Le PDG d'Hydro-Québec, Thierry Vandal, vient de quitter ses fonctions avec une indemnité de départ de 565 000 $.

En plus, à compter de l'an prochain et jusqu'à sa mort, l'État lui versera une rente annuelle indexée de 452 000 $, somme qui, dans 25 ans, pourrait grimper à 760 000 $ au taux d'inflation actuel. L'intéressé est encore jeune (54 ans) et pourra occuper encore longtemps des emplois bien rémunérés. Il me semble que c'est excessif.

DU JAMAIS-VU

Selon un expert du secteur privé dont les propos ont été rapportés dans les médias, on n'a jamais vu des conditions aussi généreuses. Les experts s'accordent à dire que M. Vandal a très bien travaillé durant son mandat, mais n'est-ce pas pour cela qu'il avait été embauché, pour sa compétence ? En plus, à 470 000 $ par année, il comptait tout de même parmi les hauts salariés du Québec.

Certes, il aurait pu toucher davantage dans le privé ; en ce sens, il s'est dévoué pour notre société. Mais ce n'est pas contre nature pour un des plus importants serviteurs de l'État. Ils sont nombreux, parmi les ministres et premiers ministres, à donner l'exemple.

Il faut considérer aussi que, souvent, l'expérience acquise par ces hauts serviteurs de l'État se monnaie plus tard sur le marché. Cet avantage ne fait-il pas partie, au moins indirectement, de la rémunération ?

RAS-LE-BOL

Là où les avantages consentis à M. Vandal soulèvent le plus de questions, c'est quand on considère les coûts sociaux que ce genre de décision entraîne. La réaction de la grande majorité des citoyens est marquée d'abord par la surprise ; l'homme suscitait la sympathie et s'était attiré le respect. La réaction est marquée aussi par un dépit. Cette affaire vient alimenter le cynisme déjà trop répandu dans la population, le manque de confiance envers les élus et les élites, l'irrespect des institutions. Bref, le ras-le-bol (« tous des pourris », entend-on dans les dépanneurs).

Il faut s'inquiéter lorsque ce ver infiltre une société.

Le décrochage civique, le je-m'en-foutisme, le repli dans un hyperindividualisme ou encore les violentes sautes d'humeur comme celles de ce printemps à l'UQAM, sont des symptômes d'une démocratie en mauvaise santé, qui ne sait plus canaliser les aspirations légitimes des citoyens.

Les effets pervers de ces dérives ne se dévoilent pleinement qu'à long terme ; et lorsqu'on intervient enfin pour y remédier, il est parfois bien tard.

LE « MODÈLE » AMÉRICAIN

J'exagère ? Nous évoquons couramment l'américanisation du Québec à propos des influences culturelles venues du sud. Mais notre société a amorcé depuis peu une forme beaucoup plus nocive d'américanisation : celle qui défait le tissu social. Des ouvrages importants ont été publiés récemment aux États-Unis qui posent un diagnostic inquiétant sur cette société gangrenée par la fragmentation, les inégalités, la pauvreté, les problèmes de santé publique, le désengagement du citoyen, la confiscation sans précédent du pouvoir politique par les grands intérêts financiers, le retrait social de l'État, la destruction de la vie communautaire et le déclin consécutif des solidarités primaires.

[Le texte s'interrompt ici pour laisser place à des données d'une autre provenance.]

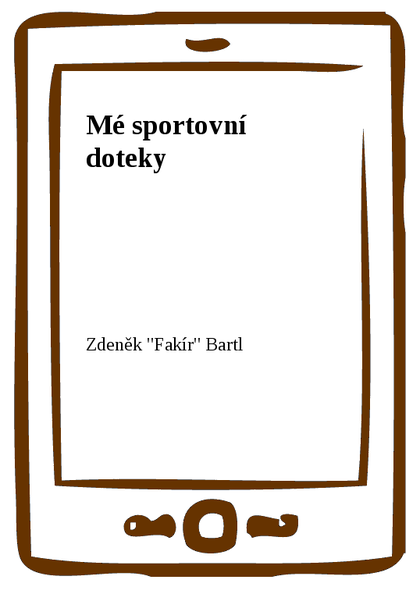 E-kniha Mé sportovní doteky - Zdeněk Bartl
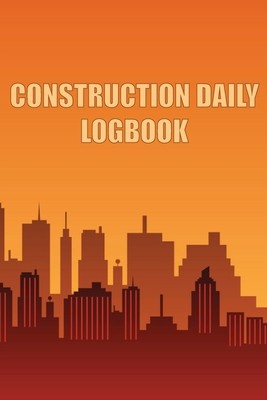 Construction Daily Logbook: Amazing Gift Idea for Foremen, Construction Site Managers Construction Site Daily Tracker to Record Workforce, Tasks, By Taylor Breston Cover Image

Nous n'en sommes pas là. Mais certaines décisions prises récemment par le gouvernement du Québec, pour ne pas parler des politiques sournoises du gouvernement Harper, devraient donner à réfléchir.

UN CONTRE-EXEMPLE

L'ex-recteur de l'Université Bishop's, Michael Goldbloom, a bénéficié lui aussi d'un « parachute doré » quand il a quitté ses fonctions récemment, avec une prime de près de 650 000 $. On apprenait ensuite que l'intéressé avait décidé de renoncer à la moitié de ce montant. Voilà qui pourrait donner à réfléchir à M. Vandal.